The velocity contours of ejectors with different γA are shown in Figure 5 for further study. It can be seen that the primary flow accelerates from subsonic speed to supersonic speed in the Laval nozzle, and the velocity along the axis increases continuously after exiting the nozzle. A series of normal shock waves called the shock train can be observed downstream of the nozzle exit section. According to the law of momentum conservation, a higher primary flow velocity is corresponding to a smaller primary flow pressure. The pressure of the primary flow drops to about 1000 Pa at the outlet of the nozzle. As a result, the secondary flow is entrained into the mixing chamber spontaneously at Te = 10 °C.
Figure 6 is the localized velocity contours and stream trace line in mixing chamber. From Figure 6, a ‘light-colored wing-shaped’ area can be seen clearly when γA = 16. Then, the pressure in this area is lower than other places in the mixing chamber, and the ‘light-colored wing-shaped’ area becomes smaller with decreasing γA. In other words, the low pressure area in the mixing chamber becomes larger when γA increases. Therefore, the entrainment ratio increases.
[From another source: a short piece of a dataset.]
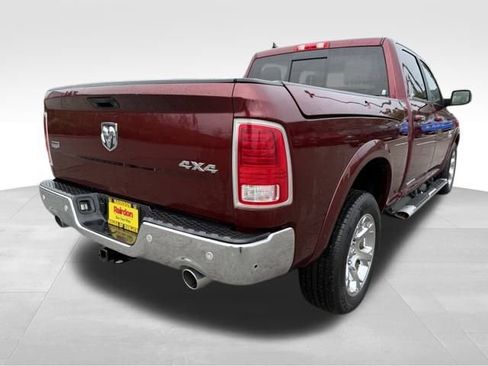 Used 2017 RAM 1500 Laramie w/ Convenience Group image 10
Focus on the detail views of the stream trace line pattern in Figure 6, there is a small vortex around the outlet end of the mixing chamber when γA = 9. However, the vortex disappeared when γA = 12.25 and 16. The reason is that when γA is larger than 9, the primary flow expands adequately in the mixing chamber and the pressure of the primary flow can drop to lower level, hence the entrainment ratio can reach a higher value. However, increasing the area ratio improves the entrainment ratio, but also induces a low critical back pressure. From the point of energy loss, a larger area ratio gives more space for the mixing flow to expand and mix, resulting in the energy loss of the mixing flow along the radial direction increases correspondingly. This results in reduced the critical back pressure. In conclusion, for a given working condition, decreasing the γA resulted in a worse entrainment ratio. But the ejector could operate at a higher critical back pressure and would therefore be particularly suitable for changing condenser conditions in real applications.
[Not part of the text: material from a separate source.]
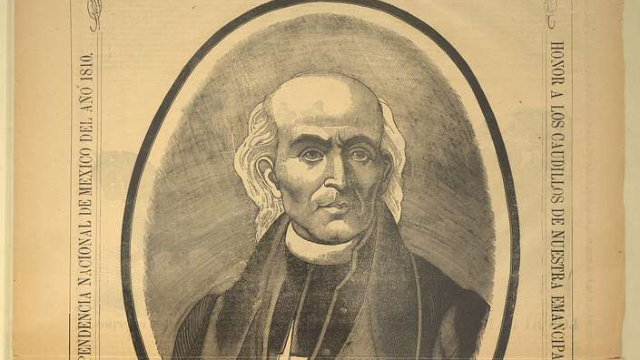 Cura Miguel Hidalgo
3.2. Effect of Range of the Length of the Constant-Area Mixing Section

The effect of the length of the constant-area mixing section, Lm, on the performance of the miniature ejector is shown in Figure 7. The length of the constant-area mixing section varied in the range of 5 mm–45 mm with an increment of 5 mm. Figure 7a illustrates the variation of the entrainment ratio with the increase of the length of constant-area mixing section. It can be seen from the curves that the entrainment ratio declines with increasing Lm. To be specific, decline of the entrainment ratios for γA = 9, γA = 12.25 and γA = 16 are 0.08, 0.05 and 0.03 when Lm varies from 5 mm to 45 mm, respectively. Also, the tendency shown in Figure 7a reveals clearly that the effect of L m on the entrainment ratio becomes smaller when γA increases. Figure 7b indicates that the critical back pressure rises initially and then decreases with increasing Lm. The peak values of the critical back pressure for γA = 9, γA = 12.25 and γA = 16 are 2480 Pa, 2142 Pa and 1761 Pa at the Lm = 30 mm, respectively. It is worth noting that the critical mode region can’t be found when γA = 16 and Lm = 5 mm or 10 mm, which means the ejector can’t function. What’s more, the critical back pressures are all lower than the saturation pressure of water vapor at 15 °C, when γA = 12.25, Lm = 5 mm and γA = 16, Lm =5 mm–45 mm. In other words, the structures stated above are not recommended for applying in practice.
To further study flow phenomena inside the ejector, velocity contours at different lengths of the constant-area mixing section of γA equals 12.25 are shown in Figure 8. It is easy to see that the profiles of the ‘wing-shaped’ area in the mixing chambers were similar to each other when Lm varied from 5mm to 45 mm, and the ‘wing-shaped’ area decreases with increasing Lm. This corresponds with the variation of the entertainment ratio shown in Figure 7a. In addition, the variation trend of the critical back pressure is in keeping with the position of the second shock shown in Figure 8. And the second shock position has been marked by dash in Figure 8. The 2nd shock position of the ejector with Lm = 30 mm is the farthest one away from the nozzle when γA = 12.25. The mixed flow has more momentum at the exit of the diffuser, which can gain a higher critical back pressure. As a result, Lm = 30 mm is the optimal length of the constant-area mixing section for primary flow and second flow to mix when γA = 12.25.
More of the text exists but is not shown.